A robust Rust crate for parsing and validating Compact Uniform Resource Identifiers (CURIEs). It provides standard syntax validation as well as specific, regex-based validation for hundreds of biological and biomedical ontologies (e.g., GO, MONDO, CHEBI) generated directly from Bioregistry.
- General Validation: Parse and validate CURIEs based on standard syntactic rules (W3C-style prefix/reference separation).
- Ontology-Specific Validation: precise Regex validation for over 100+ supported ontologies (including GO, CHEBI, NCIT, etc.).
- Auto-Generated Patterns: Validation logic is generated from upstream Bioregistry metadata, ensuring compliance with current standards.
- Dynamic Lookup: Instantiate validators dynamically using string prefixes (e.g., from_prefix("go")).
- Lightweight: Core dependencies are minimal (primarily regex).
Add this to your Cargo.toml:
[dependencies]
securiety = "0.2.0"- General Parsing If you need to validate that a string is simply a well-formed CURIE (has a valid prefix and reference structure) without enforcing specific ontology patterns:
use securiety::{CurieParser, CurieParsing};
fn main() {
// Create a general parser
let parser = CurieParser::general();
// Valid syntax
let curie = parser.parse("AnyPrefix:12345").unwrap();
println!("Prefix: {}, Reference: {}", curie.prefix(), curie.reference());
// Invalid syntax (e.g., no separator, invalid characters)
let result = parser.parse("InvalidString");
assert!(result.is_err());
}- Specific Ontology Validation You can use strict, pre-compiled regex validators for specific ontologies. This ensures that a GO term actually looks like a GO term (e.g., GO:0001234).

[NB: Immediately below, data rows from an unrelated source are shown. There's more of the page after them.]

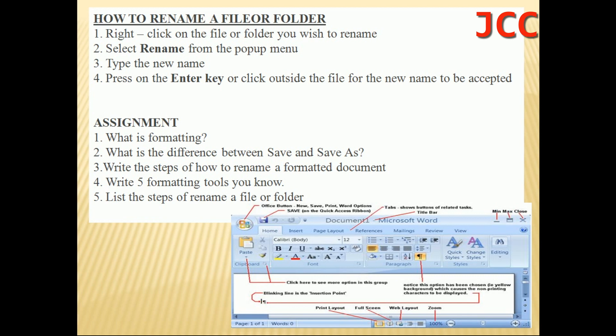Your assignment for today: One — what is formatting? Two — what is the difference between Save and Save As? Three — write the steps of how to rename a formatted document. Four — list five formatting tools. Five — write the steps of how to rename a file or folder.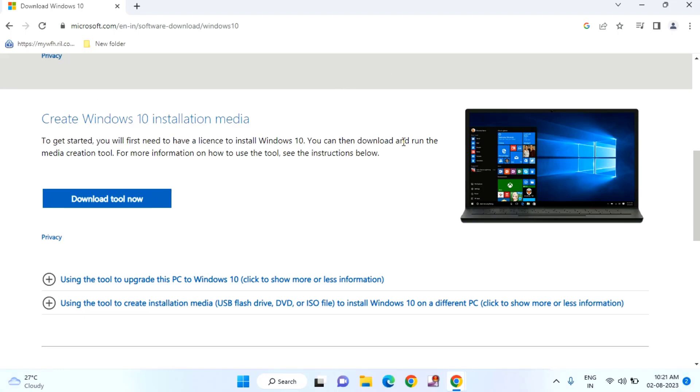That's it guys. So in this way you can fix Roblox no longer supports Windows 32-bit operating system. Thanks for watching. Hope if you like this video, please like, share, and don't forget to subscribe.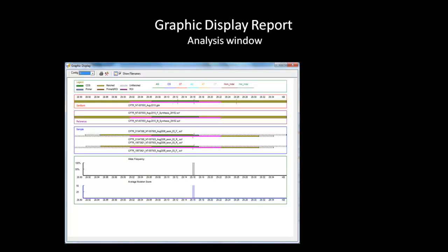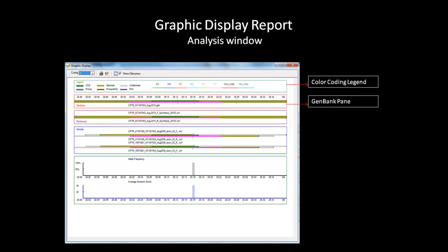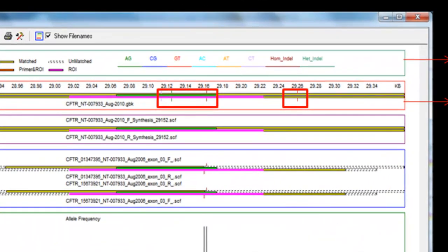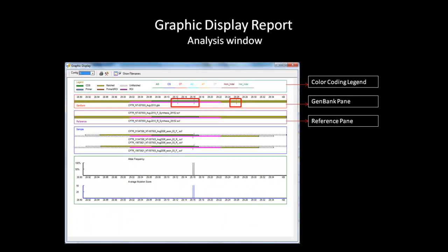Clicking OK after selecting the appropriate settings will bring up the analysis window for the graphic display report. The first pane contains a color coding legend that explains which color indicates the ROI, CDS, and different types of variation. The second pane is a GenBank pane which displays information about the loaded GenBank file. The color tick marks indicate reported variation and each color corresponds to the variation indicated in the color coding legend. The third pane is a reference pane displaying information about the reference trace used for the selected contact. The sample pane contains all the samples within the selected contact. The tick marks shown in the sample pane indicate variant positions that were detected in those samples.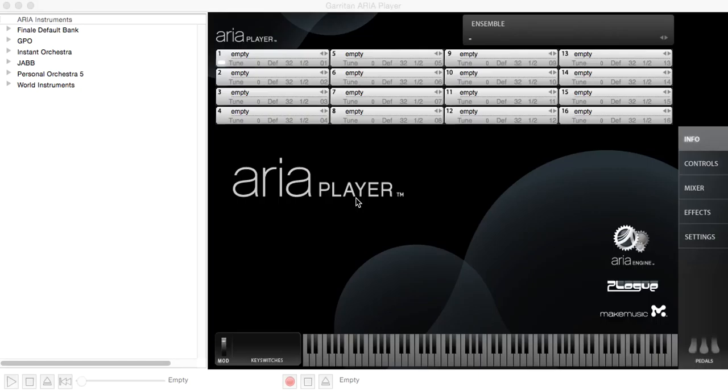Hi folks, this is Dr. Dave and this is a quick overview of the Aria player that comes with Garritan Personal Orchestra 5.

use securiety::{CurieParser, CurieParsing};
fn main() {
// strict validator for Gene Ontology
let go_parser = CurieParser::go();
// Passes: Matches ^GO:\d{7}$
let valid = go_parser.parse("GO:0006915");
assert!(valid.is_ok());
// Fails: Syntax is okay, but pattern matches invalid GO ID
let invalid = go_parser.parse("GO:ABC");
assert!(invalid.is_err());
}- Dynamic Prefix Lookup If you are processing data where the ontology prefix is determined at runtime, you can look up the validator dynamically:
use securiety::{CurieParser, CurieParsing, CurieRegexValidator, CurieValidation};
fn main() {
let input_prefix = "mondo";
let input_curie = "MONDO:0012345";
// Attempt to find a validator for the given prefix
if let Some(parser) = CurieParser::from_prefix(input_prefix) {
match parser.parse(input_curie) {
Ok(curie) => println!("Valid {} term: {}", input_prefix, curie),
Err(e) => println!("Invalid term: {}", e),
}
} else {
println!("No validator found for prefix: {}", input_prefix);
}
}This crate includes generated validators for a wide range of biological ontologies found in the Bioregistry, including but not limited to:
- GO (Gene Ontology)
- MONDO (Mondo Disease Ontology)
- CHEBI (Chemical Entities of Biological Interest)
- NCIT (NCI Thesaurus)
- HP (Human Phenotype Ontology)
- UBERON (Uber Anatomy Ontology)
Note: The patterns are generated using the create.rs utility which fetches metadata from the Bioregistry API.
The parser returns a CurieParsingError enum to distinguish between structural failures and validation failures:
- InvalidCurie(String): The string failed the specific validation logic (e.g., Regex mismatch).
- UnparsableCurie(String): The string lacked the basic structure of a CURIE (e.g., missing a colon).